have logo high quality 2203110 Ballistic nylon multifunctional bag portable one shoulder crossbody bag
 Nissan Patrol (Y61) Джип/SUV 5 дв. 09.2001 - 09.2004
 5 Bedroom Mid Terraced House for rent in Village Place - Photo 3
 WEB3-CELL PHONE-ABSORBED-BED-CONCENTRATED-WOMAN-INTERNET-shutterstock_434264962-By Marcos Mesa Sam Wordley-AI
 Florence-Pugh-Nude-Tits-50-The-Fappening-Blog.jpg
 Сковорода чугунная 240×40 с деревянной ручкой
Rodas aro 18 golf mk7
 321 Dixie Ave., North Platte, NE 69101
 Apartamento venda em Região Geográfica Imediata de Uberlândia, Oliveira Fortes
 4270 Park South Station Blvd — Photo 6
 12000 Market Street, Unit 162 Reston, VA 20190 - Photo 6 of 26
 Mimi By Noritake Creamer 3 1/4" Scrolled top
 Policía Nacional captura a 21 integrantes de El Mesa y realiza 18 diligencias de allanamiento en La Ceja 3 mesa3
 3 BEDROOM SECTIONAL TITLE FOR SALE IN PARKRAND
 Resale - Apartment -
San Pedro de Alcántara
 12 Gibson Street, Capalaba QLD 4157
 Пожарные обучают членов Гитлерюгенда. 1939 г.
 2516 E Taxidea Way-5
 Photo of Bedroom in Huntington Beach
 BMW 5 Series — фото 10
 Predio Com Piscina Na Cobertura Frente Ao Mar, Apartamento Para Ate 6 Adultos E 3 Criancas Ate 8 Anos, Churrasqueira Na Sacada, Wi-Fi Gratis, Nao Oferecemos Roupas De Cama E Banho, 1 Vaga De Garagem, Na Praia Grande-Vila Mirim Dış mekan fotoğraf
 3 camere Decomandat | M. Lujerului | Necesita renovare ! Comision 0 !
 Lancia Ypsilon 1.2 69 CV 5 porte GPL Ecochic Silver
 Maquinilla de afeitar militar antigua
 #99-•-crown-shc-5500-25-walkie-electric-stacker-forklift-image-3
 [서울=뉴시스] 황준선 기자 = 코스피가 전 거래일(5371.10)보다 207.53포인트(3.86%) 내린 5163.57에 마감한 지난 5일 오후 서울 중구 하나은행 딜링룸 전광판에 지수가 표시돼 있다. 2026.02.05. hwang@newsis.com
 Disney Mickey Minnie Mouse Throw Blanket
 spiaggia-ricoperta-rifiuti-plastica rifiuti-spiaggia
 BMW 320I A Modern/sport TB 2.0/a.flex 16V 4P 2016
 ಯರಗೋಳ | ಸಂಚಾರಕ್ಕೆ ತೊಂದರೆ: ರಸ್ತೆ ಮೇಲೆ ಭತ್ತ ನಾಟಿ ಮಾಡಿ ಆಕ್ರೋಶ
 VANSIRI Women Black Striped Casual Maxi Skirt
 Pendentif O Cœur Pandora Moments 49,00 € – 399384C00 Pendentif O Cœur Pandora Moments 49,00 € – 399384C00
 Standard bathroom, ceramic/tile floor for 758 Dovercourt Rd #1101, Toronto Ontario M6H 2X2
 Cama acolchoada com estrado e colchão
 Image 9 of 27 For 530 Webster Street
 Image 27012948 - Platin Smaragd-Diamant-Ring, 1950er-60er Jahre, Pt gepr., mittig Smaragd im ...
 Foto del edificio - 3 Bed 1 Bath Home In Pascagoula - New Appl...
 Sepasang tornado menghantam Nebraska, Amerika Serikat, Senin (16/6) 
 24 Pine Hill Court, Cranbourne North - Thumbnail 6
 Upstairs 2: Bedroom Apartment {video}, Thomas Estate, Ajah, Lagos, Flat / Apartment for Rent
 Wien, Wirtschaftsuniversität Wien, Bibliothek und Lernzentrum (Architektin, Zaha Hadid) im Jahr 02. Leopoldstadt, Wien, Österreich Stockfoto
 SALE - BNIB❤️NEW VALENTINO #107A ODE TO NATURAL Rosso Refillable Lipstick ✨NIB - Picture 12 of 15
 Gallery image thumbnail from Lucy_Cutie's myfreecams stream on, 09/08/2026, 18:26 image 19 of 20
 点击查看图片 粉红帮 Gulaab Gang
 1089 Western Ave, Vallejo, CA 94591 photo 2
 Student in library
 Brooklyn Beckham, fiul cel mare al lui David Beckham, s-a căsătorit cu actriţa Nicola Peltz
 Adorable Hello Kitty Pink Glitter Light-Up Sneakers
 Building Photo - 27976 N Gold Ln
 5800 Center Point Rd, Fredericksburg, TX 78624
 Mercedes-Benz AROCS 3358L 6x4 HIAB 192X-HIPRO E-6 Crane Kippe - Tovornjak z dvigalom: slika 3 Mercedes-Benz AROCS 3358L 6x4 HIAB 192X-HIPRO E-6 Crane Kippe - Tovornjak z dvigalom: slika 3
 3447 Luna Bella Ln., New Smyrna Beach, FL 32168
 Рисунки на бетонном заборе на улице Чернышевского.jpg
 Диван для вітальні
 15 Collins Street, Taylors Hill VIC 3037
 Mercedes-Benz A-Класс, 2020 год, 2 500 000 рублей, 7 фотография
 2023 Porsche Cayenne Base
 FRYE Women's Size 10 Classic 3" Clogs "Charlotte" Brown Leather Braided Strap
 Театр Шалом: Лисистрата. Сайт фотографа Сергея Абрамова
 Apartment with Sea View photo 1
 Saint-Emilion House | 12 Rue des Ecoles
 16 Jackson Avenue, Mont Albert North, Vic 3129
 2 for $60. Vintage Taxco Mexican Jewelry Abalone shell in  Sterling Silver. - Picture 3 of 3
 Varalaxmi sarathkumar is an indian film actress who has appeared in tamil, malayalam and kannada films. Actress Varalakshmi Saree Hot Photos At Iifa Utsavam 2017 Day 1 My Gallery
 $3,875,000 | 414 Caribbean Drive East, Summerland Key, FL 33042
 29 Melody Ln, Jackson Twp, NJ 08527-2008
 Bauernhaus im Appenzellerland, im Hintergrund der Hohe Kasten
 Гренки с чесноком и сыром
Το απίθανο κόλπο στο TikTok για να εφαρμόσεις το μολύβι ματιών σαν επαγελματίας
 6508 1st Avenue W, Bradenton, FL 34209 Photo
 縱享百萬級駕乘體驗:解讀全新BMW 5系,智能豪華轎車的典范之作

• What you have to do:
Using the material above, gather every line that includes "North".

• Output for this task:
 321 Dixie Ave., North Platte, NE 69101
 24 Pine Hill Court, Cranbourne North - Thumbnail 6
 16 Jackson Avenue, Mont Albert North, Vic 3129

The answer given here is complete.